How do I know what to substitute(u-substitution)

[MMM]

Homework Statement

Hello, I'm having trouble determining what I make u equal with most integrals that revolve around the inverse trig functions.

I knew what to let u equal in this problem $x/\sqrt{1-x^4}$ I let it equal $x^2$ and correctly solved the problem.

The problems I'm having trouble with, are problems like $1/(a^2 + x^2)$ the book said to substitute u = x/a and when I did that I found the correct answer. Sadly I had no idea that is what I was supposed to substitute.

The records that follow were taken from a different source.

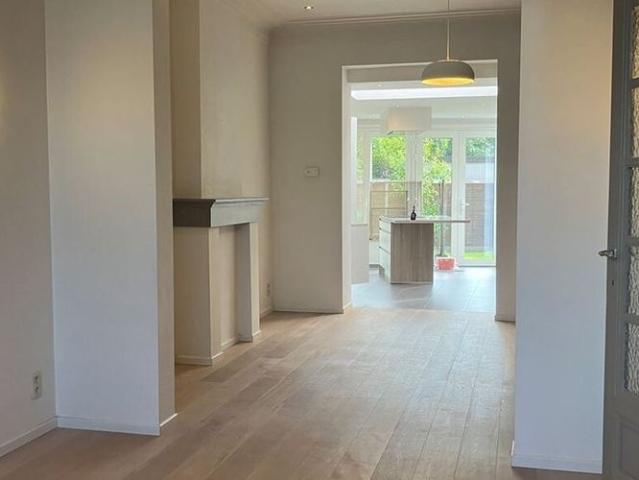 Eengezinswoning te huur in Hasselt voor € 1.350 met 3 slaapkamers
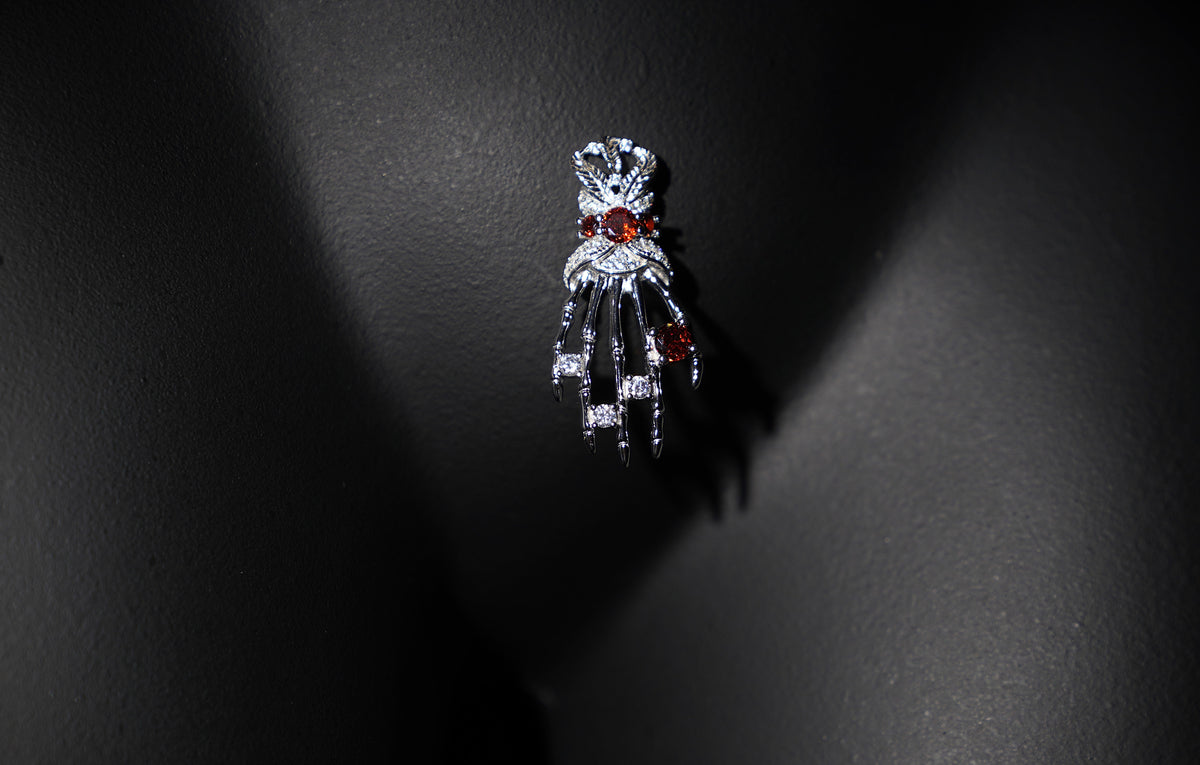 16. Tangan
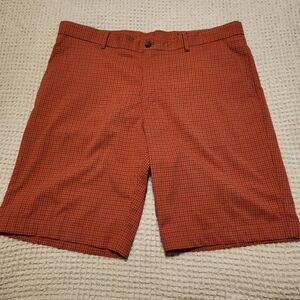 Greg Norman Golf Shorts 36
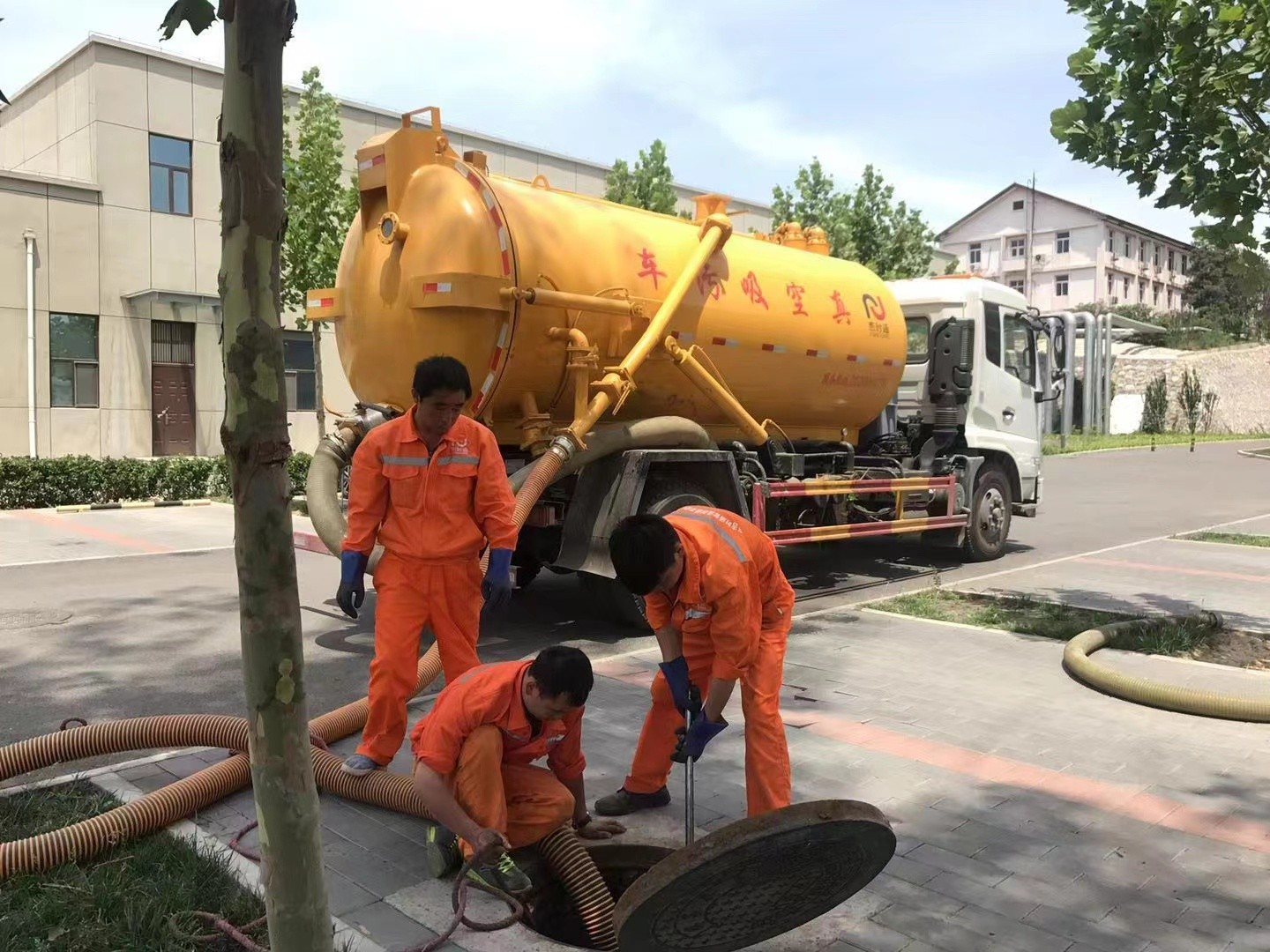 抚顺化粪池清理与5-8吨吸粪车施工效率分析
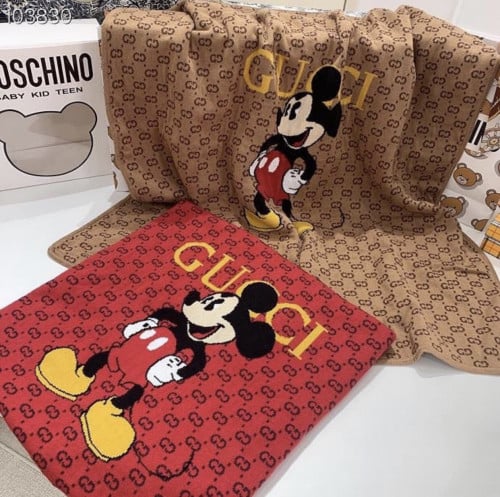 بطانية قوتشي بني مزينة بميكي مقاسها90*130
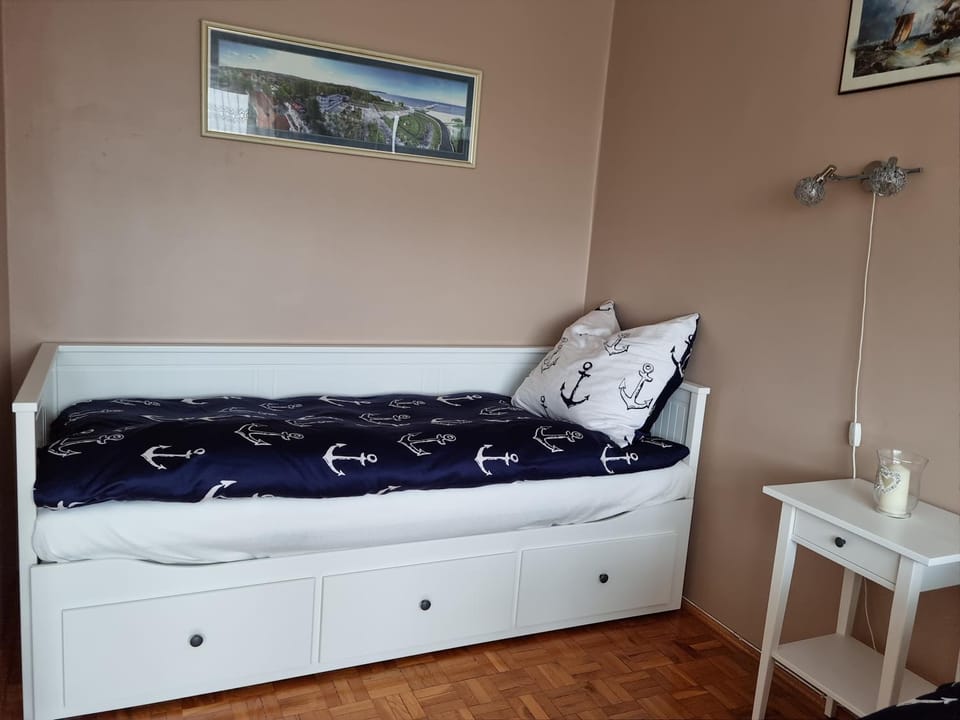 Bed, Photo of the whole room, Seating area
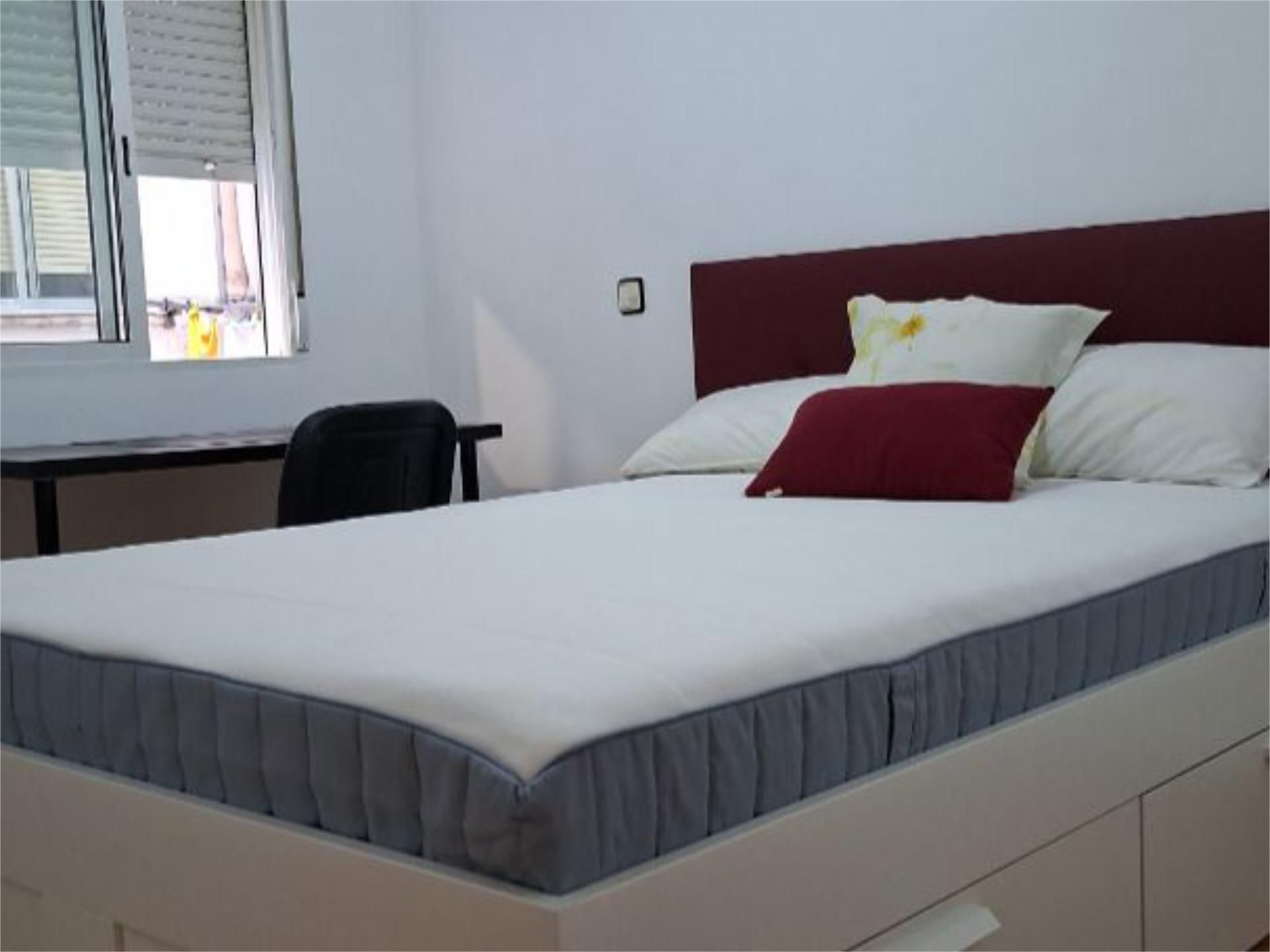 Bedroom of Flat to share in Getafe  with Parquet flooring, Terrace and Furnished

Here is another problem I had no idea what to substitute $1/(a^2 + (b^2)(x^2))$ the book said to substitute u = bx/a and when I did that I got the correct answer. I just need some guidance to understand the kinda substitutions I need to make regarding integration involving inverse trig functions. Any help is greatly needed and highly appreciated, thanks.

Homework Equations

The Attempt at a Solution

I solved the stated problems with the book's help on what to substitute. I just had no idea on to what to substitute.

 

[Quesadilla]

You are looking for something you know how to integrate. In this case when you see something like $1/(a^2 + b^2x^2)$, your first instinct should be that it looks kind of like $1/(1 + x^2)$ and so we want to substitute to put it on that form.

Here we note that
\begin{equation*}
\frac{1}{a^2 + b^2 x^2} = \frac{1}{a^2(1 + \frac{b^2}{a^2}x^2)}= \frac{1}{a^2} \frac{1}{1 + (\frac{b}{a}x)^2}
\end{equation*}
and the substitution suggests itself.

You see these things easier and faster as you get more and more experience.

 

[MMM]

Thanks for the help. I understand it now!

 

[Quesadilla]

To practice and since you knew how to integrate $x/\sqrt{1 - x^4}$, how would you tackle
\begin{equation*}
\frac{ax}{\sqrt{b - cx^4}}?
\end{equation*}